Writing a mystery is no small thing, to my mind. It’s very difficult to be deceptive while lying out the actual solution the entire time (one of the mandates of detective fiction as set down by the eminent P. D. James in her 2009 study on the genre, Talking About Detective Fiction), and it’s very tricky to serve up a notion of justice if the location you’re writing about has a reputation for thievery and corruption. Though Commissario Brunetti is clearly the good guy and always gets to the bottom of his cases, he is seldom able to pursue formal prosecution. Instead, he takes the long view of justice, which seems fitting, as Venice has always been a city taking the long view, too: like the water in the canal, the masquerades at Carnavale, the tides and the tourist dollars, good and bad come and go, their ebb and flow the only constant.
When Americans travel to Europe, they are often focused on this kind of long view, too. They arrive ready to view all the celebrated antiquities: cathedrals, battlefields, castles, and esteemed works of art preserved in museums that have long lines. It is very easy, then, for a person like to me visit the Continent and not see it as a place where normal people live and work.

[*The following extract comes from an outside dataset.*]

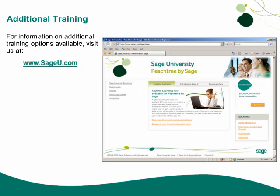Thank you for taking this Anytime Learning topic. For information on additional training options available, visit us at SageU.com.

But in Donna Leon’s Venice, we are given a window into that very thing. We take the vaporetti and police boats across the city as Brunetti examines crime scenes; we avoid the rush of tourists vomited forth from whale-like cruise ships muscling through the Grand Canal; we catch our breath in a small bar for a drink and some refreshments in between interviewing witnesses. We put on high boots and walk on planks during the season of acqua alta; we go home for lunch every day to see what Brunetti’s wife Paola, a professor of English who is descended from a noble Venetian family that traces itself back to the time of the doges, has prepared him for lunch. We ache over the pollution and environmental devastation along with Brunetti’s trusted colleague, Lorenzo Vianello, and we see the world as a series of digital codes to crack, through the very chic and fashionable Signorina Elettra.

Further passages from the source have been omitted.